7. A method in accordance with claim 5, wherein said data store
comprises a respective site map for each encountered network site
and a directory of encountered network sites.
8. A method in accordance with claim 5, further comprising the
steps of: determining if an encountered network site is a
previously encountered network site; if an encountered network site
is a previously encountered network site, searching selected levels
of a respective site map; and if an encountered network site is not
a previously encountered network site, exhaustively searching that
network site for said target content and creating a respective site
map.
9. A computer system for searching network based content for target
content, said computer system comprising at least one computer, all
computers in said system being communicatively coupled to each
other, wherein each of said at least one computer includes at least
one program stored therein for allowing communication between each
and every of said at least one computer, each of said at least one
program operating in conjunction with one another to cause said at
least one computer to perform the steps of: determining selected
levels of a structured data store for searching for content related
to said target content (516), wherein said structured data store
comprises network based content; and searching said selected levels
for content related to said target content.
10. A computer system in accordance with claim 9, wherein said
target content comprises at least one of multimedia, streaming
media, multimedia metadata, and streaming media metadata.
11. A computer system in accordance with claim 9, wherein each of
said at least one program operating in conjunction with one another
causes said at least one computer to further perform the step of
creating said structured data store.
12. A computer system in accordance with claim 9, wherein each of
said at least one program operating in conjunction with one another
causes said at least one computer to further perform the step of
determining a time interval for updating said structured data
store.
13. A computer system in accordance with claim 9, wherein each of
said at least one program operating in conjunction with one another
causes said at least one computer to further perform the steps of:
searching at least one network site for content related to said
target content (522); and creating a respective site map for each
newly encountered network site (524).
14. A computer system in accordance with claim 13, wherein each
site map comprises at least one level, each level comprising at
least one of a link, an object, and metadata related to common
content.
15. A computer system in accordance with claim 13, wherein said
data store comprises a respective site map for each encountered
network site and a directory of encountered network sites.
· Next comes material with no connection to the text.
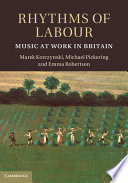 Rhythms of labour : music at work in Britain /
16. A computer system in accordance with claim 13, wherein each of
said at least one program operating in conjunction with one another
causes said at least one computer to further perform the steps of:
determining if an encountered network site is a previously
encountered network site; if an encountered network site is a
previously encountered network site, searching selected levels of a
respective site map; and if an encountered network site is not a
previously encountered network site, exhaustively searching that
network site for said target content and creating a respective site
map.
17. A program readable medium having embodied thereon a program for
causing a processor to search network based content for target
content, said program readable medium comprising: means for causing
said processor to determine selected levels of a structured data
store for searching for content related to said target content,
wherein said structured data store comprises network based content;
and means for causing said processor to search said selected levels
for content related to said target content.
18. A program readable medium in accordance with claim 17, wherein
said target content comprises at least one of multimedia, streaming
media, multimedia metadata, and streaming media metadata.
19. A program readable medium in accordance with claim 17, said
program readable medium further comprising means for causing said
processor to create said structured data store.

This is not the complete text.